• **Dataset excerpt**
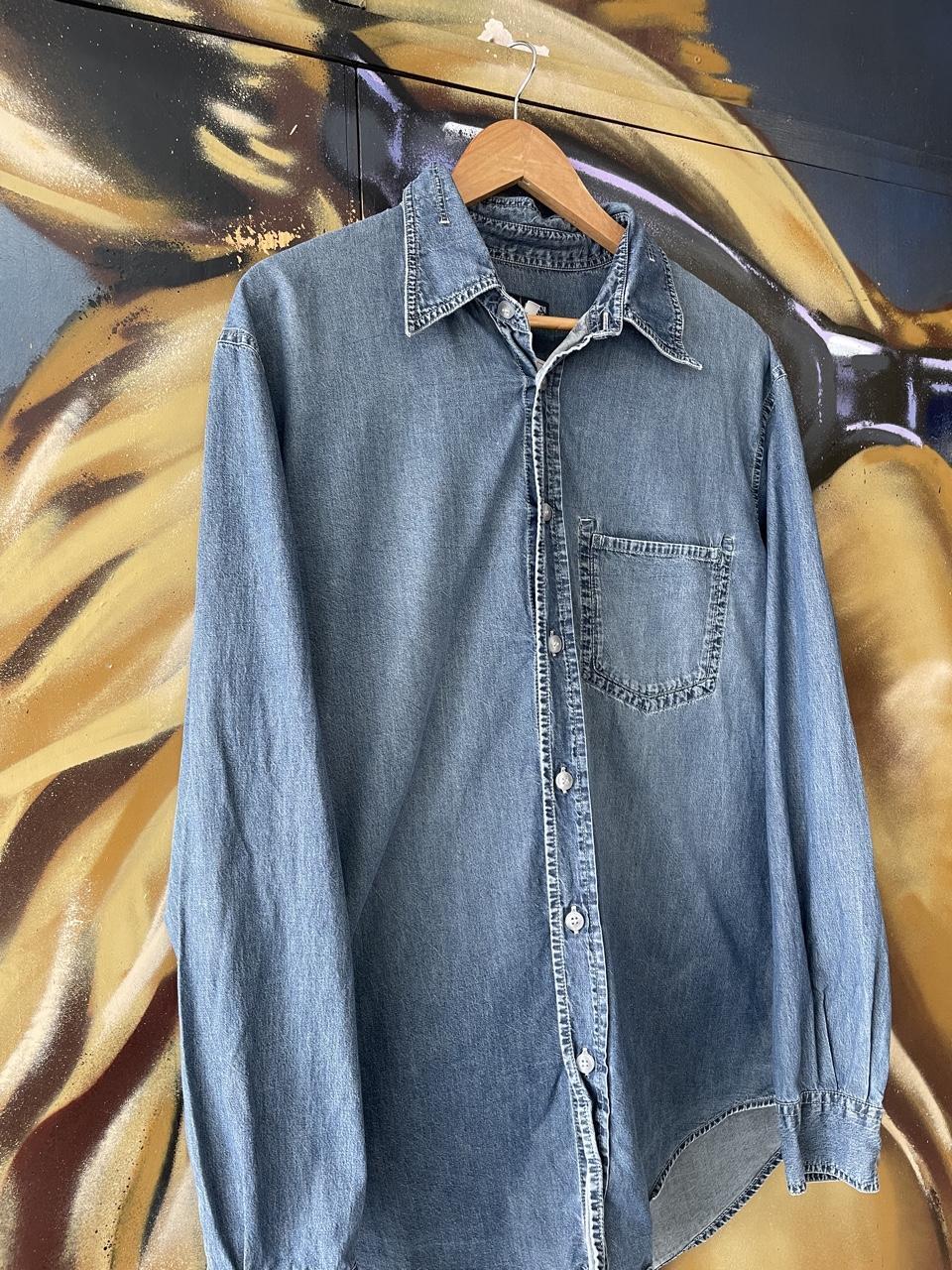 Armani Denim Chambray Button Up Shirt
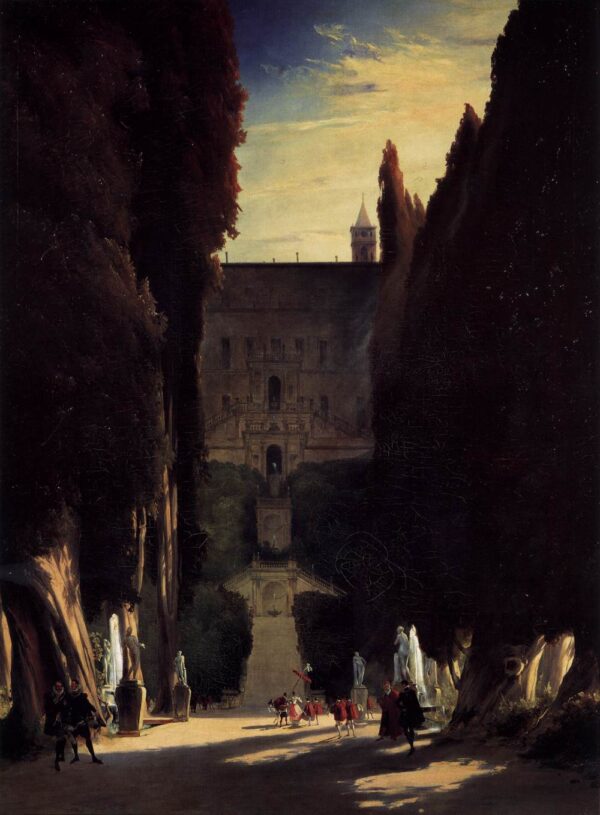 Tivoli Gardens at the Villa d’Este by Karl Blechen, hand-painted oil painting reproduction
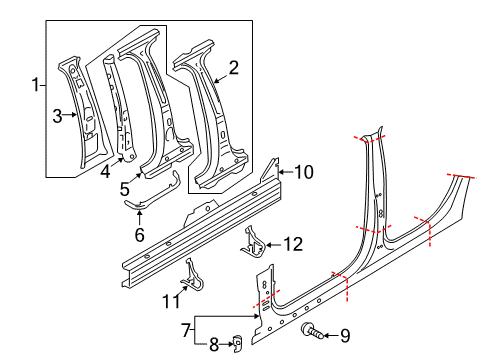 2016 Audi S3 Center Pillar & Rocker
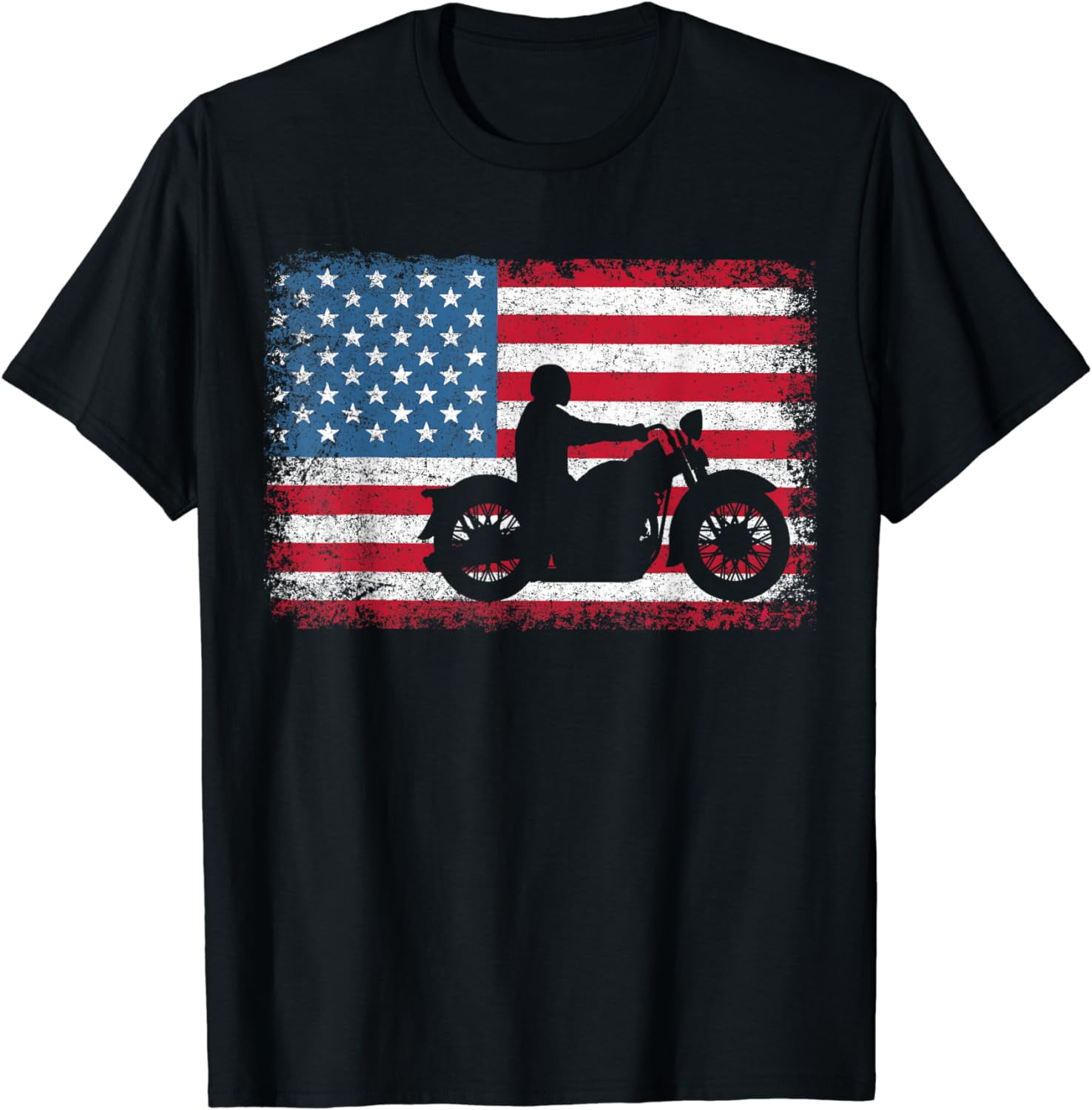 American Flag Biker Motorcycle USA Flag T-Shirt for Boys Men T-Shirt ...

• **What to do**
In the data above, find the line containing "2016 Audi S3 Center Pillar & Rocker"; from there, please write out each line through the end, exactly, with the pictures omitted.

• **Solution for this task**
 2016 Audi S3 Center Pillar & Rocker
 American Flag Biker Motorcycle USA Flag T-Shirt for Boys Men T-Shirt ...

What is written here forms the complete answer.